Admitting that discrimination existed in the country, he said the police force is “parochial and communally surcharged” across the country and there is an urgent need to take corrective action in this regard. He suggested that members from minority communities should be recruited in the police force.
In the book, Shah also touched upon his stint as the vice chancellor of the Aligarh Muslim University claiming that he made it the top-ranking institution of the country who served the AMU from 2014 to 2017.
He recalled his issues with former HRD Minister Smriti Irani. When Irani assumed office, he went to meet her with his wife, briefed her about the research at AMU and “requested her to leave AMU’s minority status alone because Muslims of India were emotionally sensitive on this issue. I also told her that this would help the government in winning the trust and faith of the Muslim community.”
The suggestions, he writes, were “misconstrued” by Irani “as an attempt, on my part, to project myself as a leader of the community” and the meeting “convinced” him “that she was inimical not only to me but also to the university I headed”.
Irani, Shah alleged, tried to engineer protests against him in the university. A group of students “cautioned” him “that the Minister was terribly annoyed” and “had asked them to start an agitation (Muhim) against me”.
The minister also humiliated him at a meeting. When he reached, Irani asked him who he was and who had invited him, he said and added that when he said that the Kerala Chief Minister Oommen Chandy had asked him to come as part of his delegation, Irani shot back, “Who pays your salary? The central government or the government of Kerala?”
Shah also lamented that a section of media has just focused only part of Gujarat riots from his memoir. The book speaks about his time in the Northeast quelling the insurgency and the 1971 war with Pakistan but these did not get attention.

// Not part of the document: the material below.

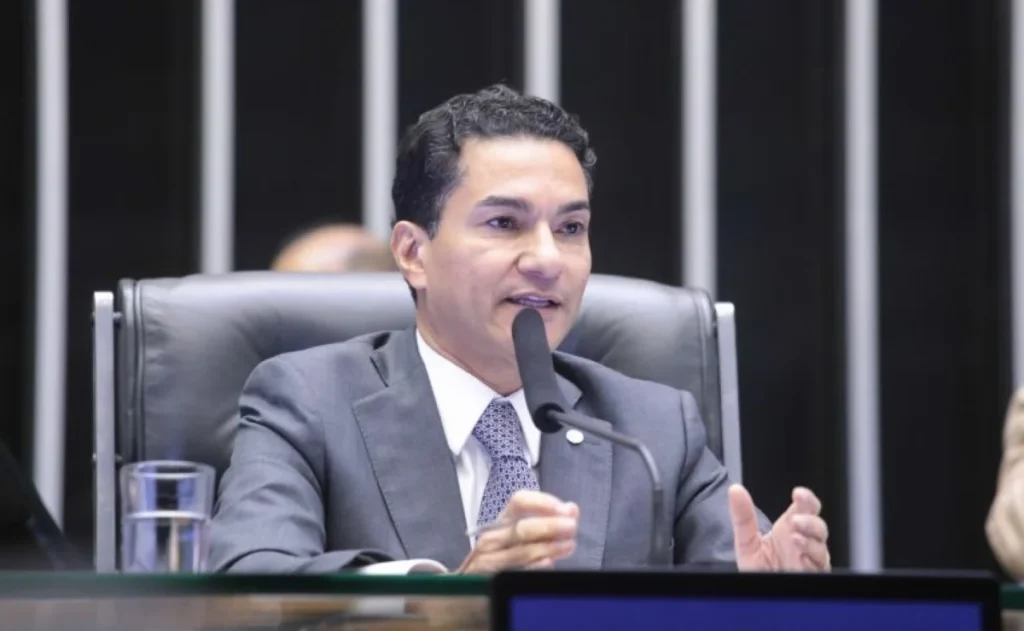 Aliança PL e Republicanos: Flávio Bolsonaro cobra reciprocidade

He said insurgency cannot be wiped out by only military means as if we kill one insurgent; it takes three generations to forget this. He also said the film “Border” falsely portrayed the Longewala battle as many Muslim army officers were in the forefront of this battle.
On the occasion, his colleague Lt Gen H S, Panag has sounded alarm that attempts have been made to politicize the army. Referring the incident of tying a Kashmiri youth to the army vehicle by an army officer and awarding him for his “heroic” feat, he said it is a most condemnable incident and cannot be condoned.
The launch was also attended by General Shah’s brother and actor Naseeruddin Shah. Media persons Vinod Dua, Satish Jacob, Seema Mustafa, former Indian envoy to Saudi Arabia Talmiz Ahmad, Jamia Hamdard Vice Chancellor Syed Ehtesham Hasnain were also present at the function. Gen Shah’s daughter Saira Shah Halim played host.